Objective: Red cell distribution width (RDW) is a hematological parameter that is routinely obtained as part of the complete blood count analysis. An increased RDW level, which helps identify erythrocyte anisocytosis, is also a good indicator of the severity and outcome of some other diseases. The aim of this study was to investigate the predictive power of the serum RDW level for determining (seven-days mortality) of patients with acute ischemic stroke (AIS).
Methods: A total of 527 adult patients with AIS presenting to our emergency department of tertiary-care hospital were retrospectively enrolled. The baseline characteristics, National Institute of Health Stroke Scale (NIHSS) and modified Rankin Scale (mRS) scores, reflecting stroke severity and neurological outcome, and serum RDW values were recorded retrospectively. An univariate and multivariate logistic regression analyses were performed to identify independent predictors of seven-days mortality, including serum levels of RDW, age, NIHSS and mRS values.

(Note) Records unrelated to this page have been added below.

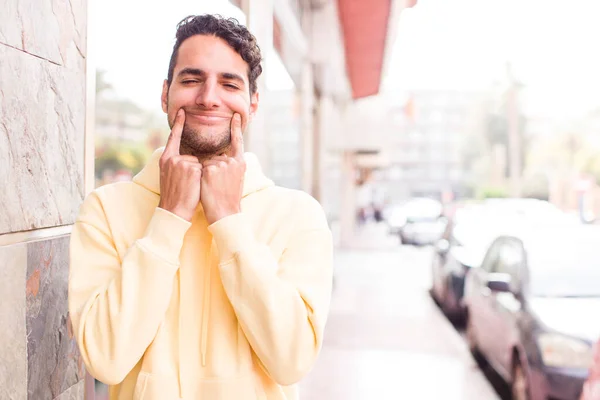 Νεαρός Ισπανός Χαμογελάει Αυτοπεποίθηση Δείχνοντας Ψεύτικο Χαμόγελό Του — Φωτογραφία Αρχείου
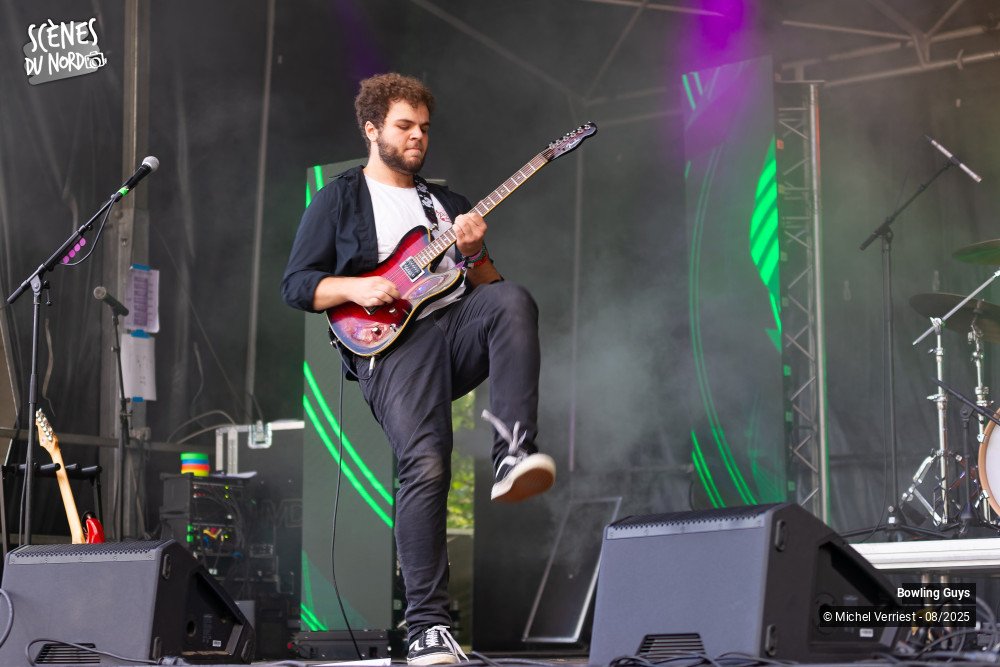 2/20 photos du spectacle Bowling Guys au Hush festival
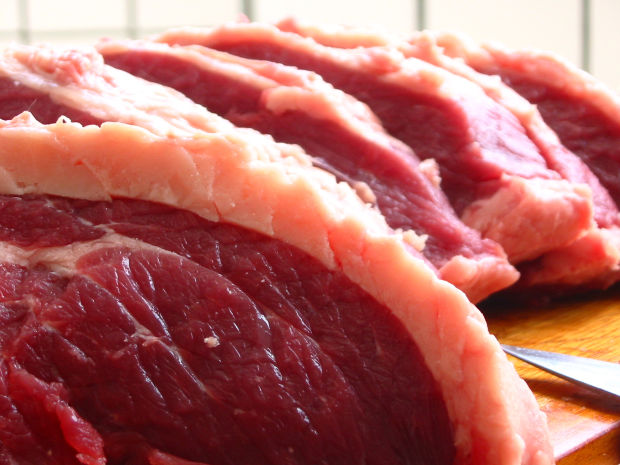 Carnea de porc a fost ţinută în congelatoare timp de şase ani. Foto: bzi.ro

Results: Serum RDW levels were significantly lower in patients who survived longer than seven-day compared with those who died within the first seven-days (15.36±1.04% v.s 16.61±1.28%, p=0.001). Furthermore, the mean NIHSS score was significantly lower in patients who survived longer than seven-days compared with those who died within the first seven-days. Additionally, the mean mRS score was significantly lower in patients who survived longer than seven-day compared with those who died within the first seven-day (p=0.001). Receiving operator characteristic analysis revealed a cut-off RDW level of 16.2%, with 66.1% sensitivity and 78% specificity, for distinguishing patients who survived longer than seven-days from who died within the first seven-day.
Conclusion: The serum RDW level may serve as a guide in diagnostic decision-making to predict neurological outcome and determine the short-term survival of patients with AIS.